* To do *
The records underneath are to be repeated exactly, with the pictures left out.

* Records supplied *
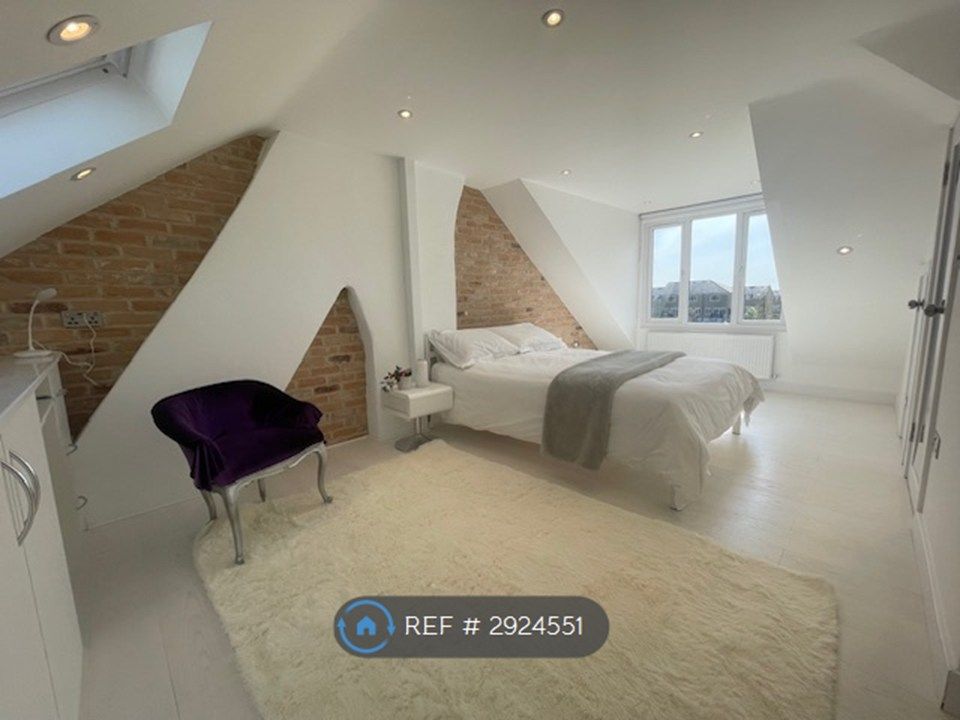Property photo 1 of 4 Large, Modern, Stylish Ensuite Loft Room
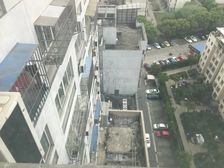 独立厨房独立卫生间很大的阳台单身公寓急售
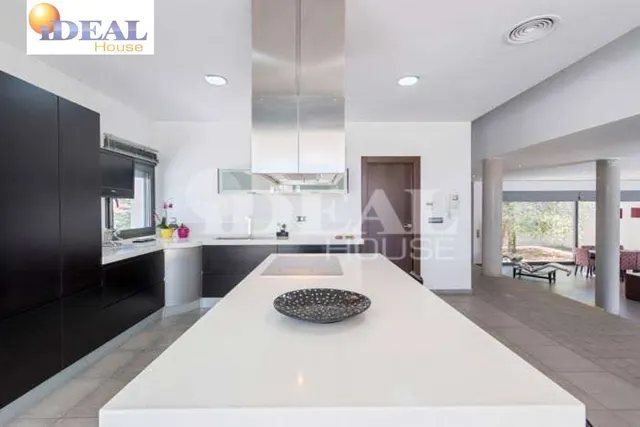 Ref.: A8488G7. Increible chalet de lujo y diseño, parcela 1500 m2,  piscina propia, pista de padel. — 19
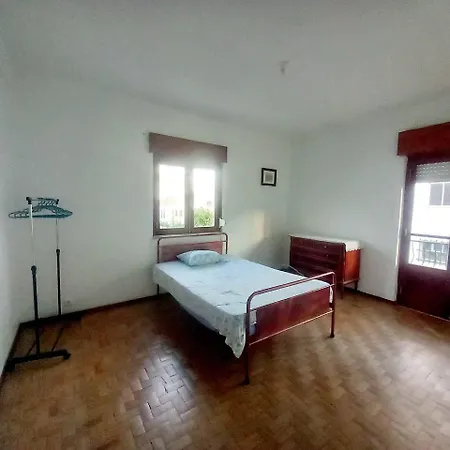Private Room Close To The Lisbon Airport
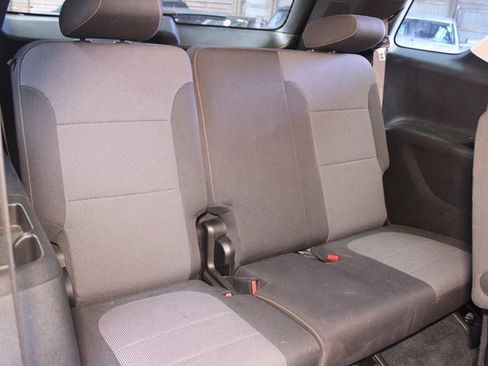 Used 2021 Chevrolet Traverse LT image 16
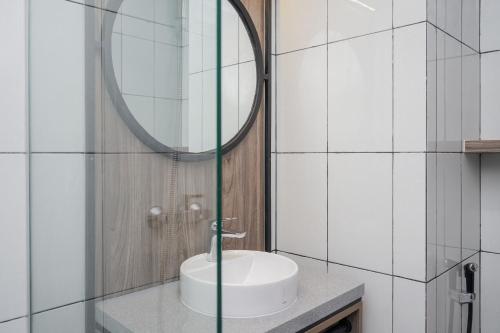 łazienka z umywalką i lustrem w obiekcie Premium Relaxing Studio Casa de Parco Apartment By Travelio w mieście Samporo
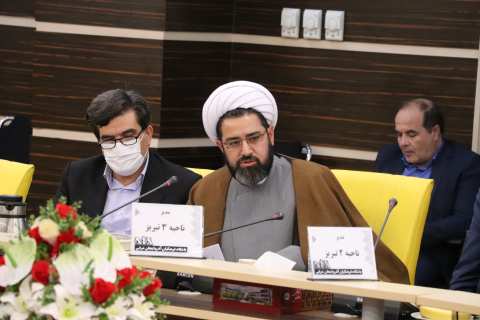 پیام آذری
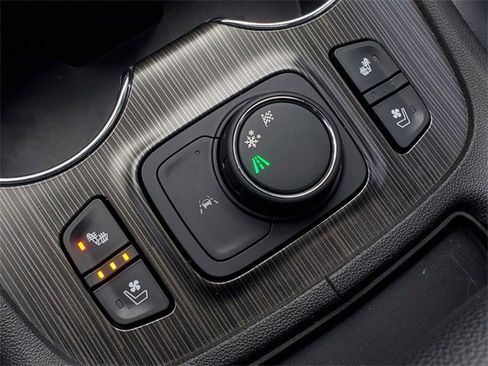 Used 2022 GMC Acadia SLT w/ Preferred Package image 32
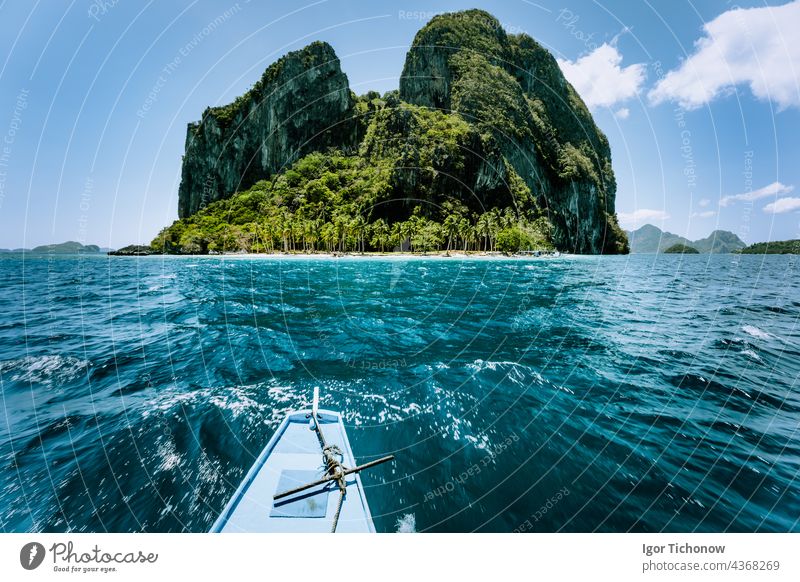 Lokale Banca Boot nähert sich erstaunliche tropische Insel Tour Reise in die geschützte berühmte Inselgruppe Bacuit El Nido, Sehenswürdigkeiten touristischen Standorten Palawan auf den Philippinen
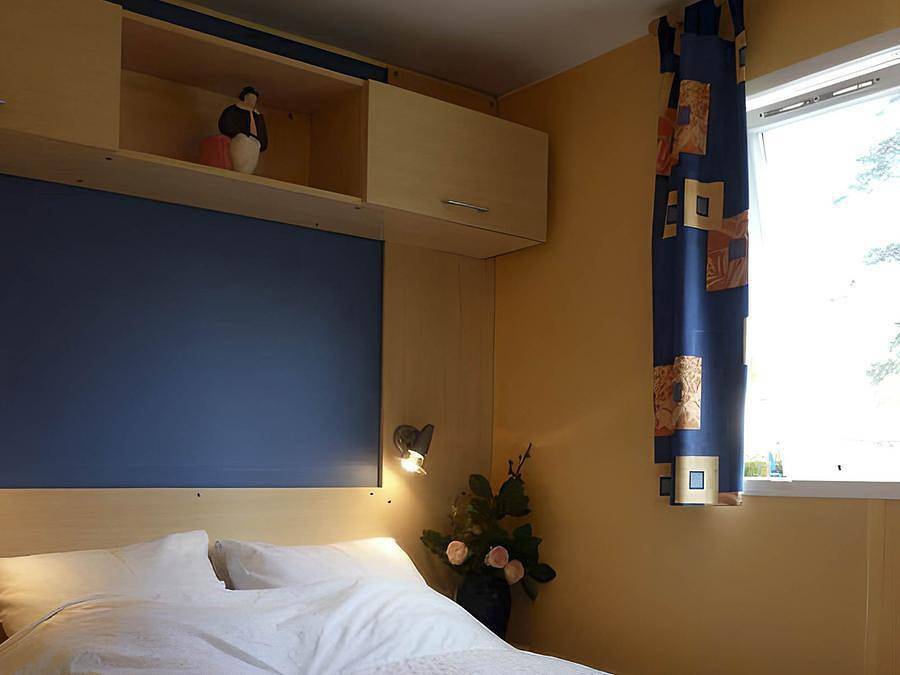 Camping des Bains - Mobilhome 4 personas - Super Venus in Saint-Honoré-les-Bains, Parque natural de Morvan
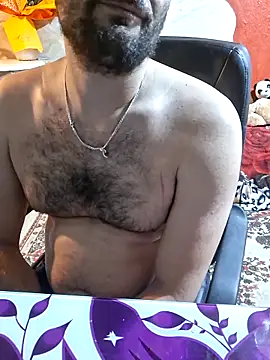 Snapshot of qSensi chatting on December 18, 2025, 2:17 am qSensi online show from December 18, 2025, 2:17 am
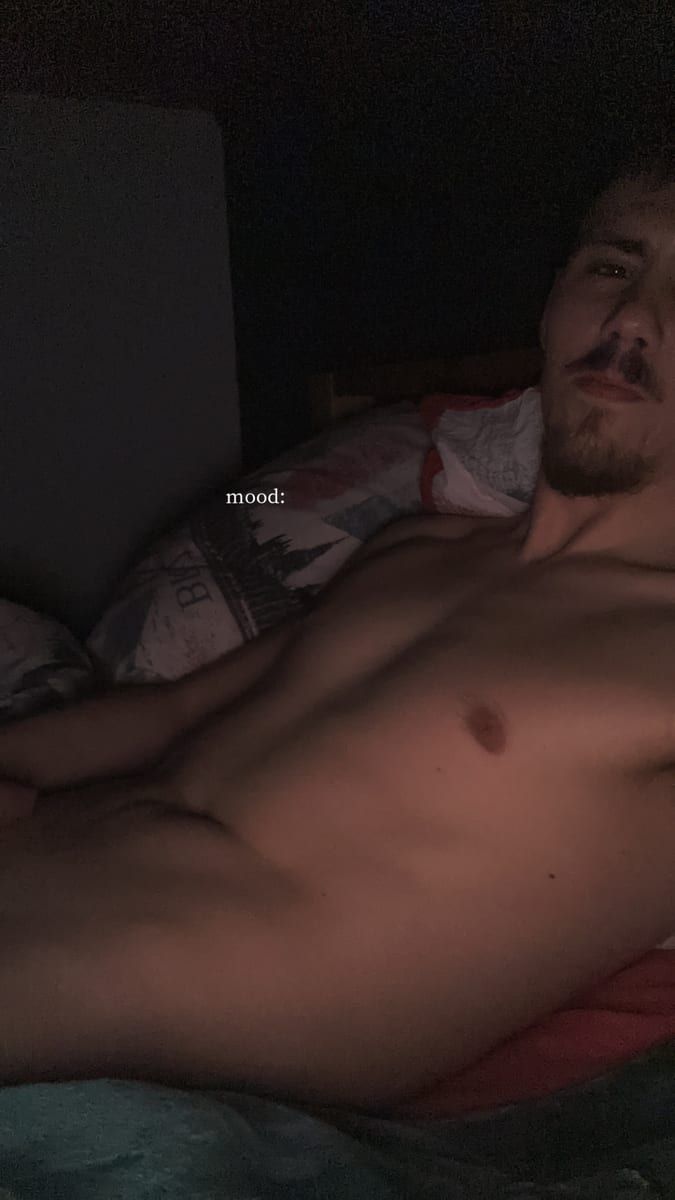 Célio - Gay fute à Zillis Profil de Célio, 24 ans, Gay fute à Zillis (Grisons)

* Reply *
Property photo 1 of 4 Large, Modern, Stylish Ensuite Loft Room
 独立厨房独立卫生间很大的阳台单身公寓急售
 Ref.: A8488G7. Increible chalet de lujo y diseño, parcela 1500 m2,  piscina propia, pista de padel. — 19
Private Room Close To The Lisbon Airport
 Used 2021 Chevrolet Traverse LT image 16
 łazienka z umywalką i lustrem w obiekcie Premium Relaxing Studio Casa de Parco Apartment By Travelio w mieście Samporo
 پیام آذری
 Used 2022 GMC Acadia SLT w/ Preferred Package image 32
 Lokale Banca Boot nähert sich erstaunliche tropische Insel Tour Reise in die geschützte berühmte Inselgruppe Bacuit El Nido, Sehenswürdigkeiten touristischen Standorten Palawan auf den Philippinen
 Camping des Bains - Mobilhome 4 personas - Super Venus in Saint-Honoré-les-Bains, Parque natural de Morvan
 Snapshot of qSensi chatting on December 18, 2025, 2:17 am qSensi online show from December 18, 2025, 2:17 am
 Célio - Gay fute à Zillis Profil de Célio, 24 ans, Gay fute à Zillis (Grisons)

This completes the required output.